Gearbox data warehouse running on Amazon Redshift was part of a complex stack:
- Archive data is flattened into JSON rows via Elastic Map Reduce.
- ETL job checks data files for new attributes, then adds attributes as a new column in target table.
- JSON data is parsed (by Redshift) into target table. JSON source, with a table for each type of event generated by the game.
- The original state has no optimizations for columnar storage.
The existing Redshift ingestion process and database design at Gearbox could not scale to the 20TB per day of raw source data. Load performance was inadequate. The disk footprint in Redshift was too large. Handling of new attributes challenged the original design. Historical queries were unacceptably slow. This raised general questions about cost, performance and staffing.
Full 360 worked with Gearbox to streamline the data model, change the source data format, create a new loader process using ECS, and tune the tables to perform properly. First we identified pros and cons of the initial state. Then we evaluated two new design proposals, Event Based CSV and KVP from CSV.
Our recommendation was KVP from CSV which employed a hybrid storage model giving the following characteristics.
Common data model between cheap and expensive storage
- KVP solution involves creating a DW tier in S3 that is in identical KVP format as Redshift.
- Redshift merely reflects a rolling window subset of the KVP data in S3.
- Hive can be used against S3 KVP data using SQL queries that are very similar to Redshift queries.
- Any question users may have can be answered through either Redshift or Hive.
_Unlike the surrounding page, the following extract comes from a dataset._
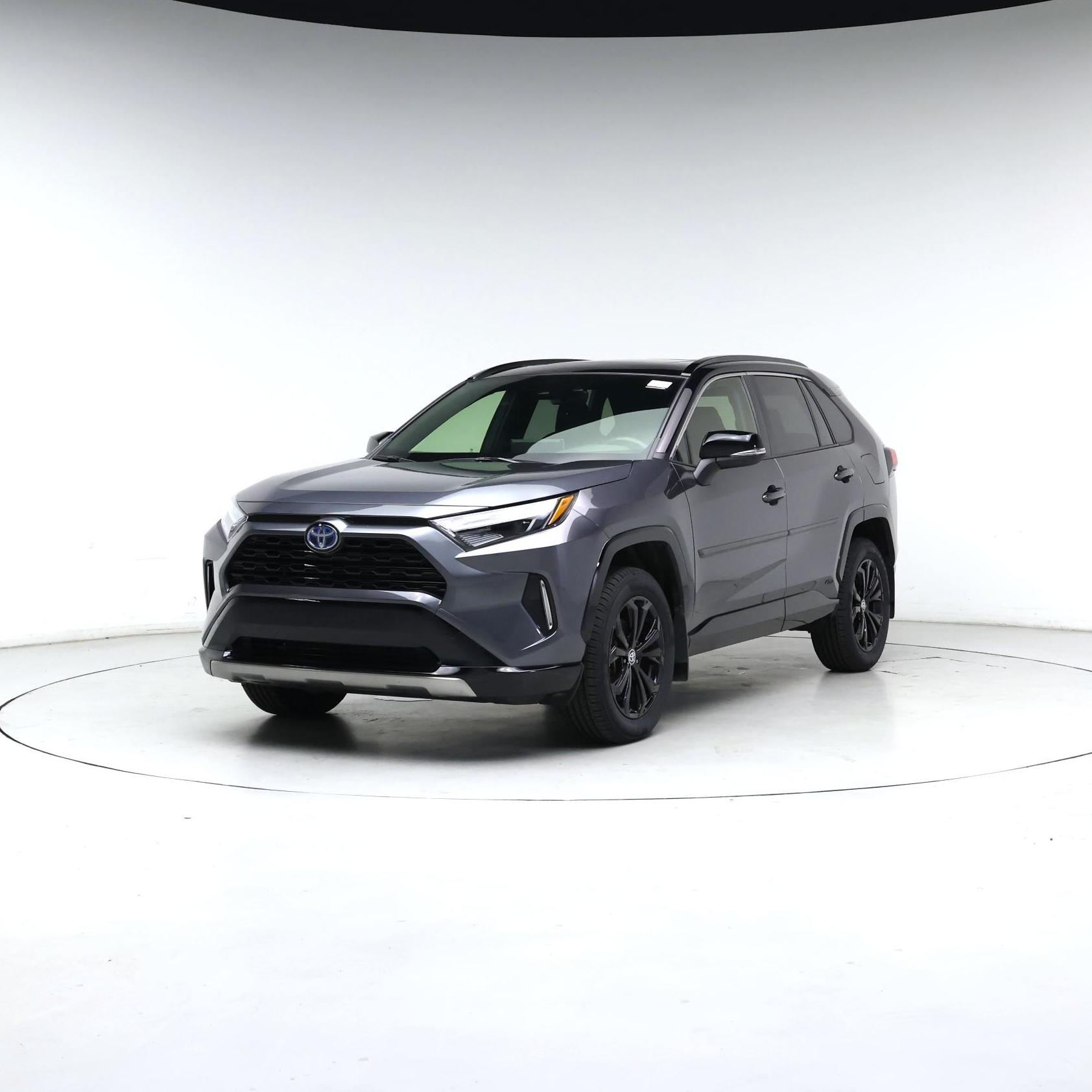 Thumbnail: 2022 Toyota RAV4 - 4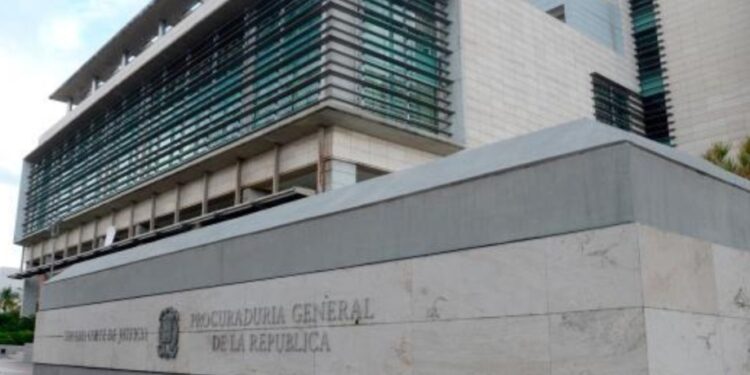 Ministerio Público allana villas en Las Terrenas por investigación de presunto lavado de activos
Not all data is retained in expensive storage
- Redshift is expensive storage compared to S3.
- With event based tables, all data is stored regardless of whether or not it is required by end users. In a production environment this will not scale for longer timeframes.
- In KVP model, only fields that are actually required for analysis are persisted in non-KVP fact tables. While the actual KVP data takes more data storage per day in Redshift, the actual fact tables will be significantly smaller than the event tables in width and volume.
Optimization and performance
- Data loads will perform well because of narrow source data files and CSV format.
- All fact tables will be optimized for end user requirements.
Proposed Solution & Architecture
- Streamline the data model
- Create a new loader process
- KVP tables loaded from CSV source
- Tune Redshift tables
- New Sorting
- New distribution keys
- New field encoding
Architecture & Technology
- Docker Containers
- ECS Fleet
- HFMS / Amazon Elastic Map Reduce
Results, Outcomes & Success Metrics
The creation of a new ingestion process enabled Gearbox to handle the volume of transactions as needed. Full 360 was able to analyze the problem and understand the basic constrains of their design and implementation and are able to expand their capabilities on a going forward basis if needed. Significant price reduction in Redshift spending, increased performance, and satisfied customer.
Gearbox is an American video game development company based in Frisco, Texas.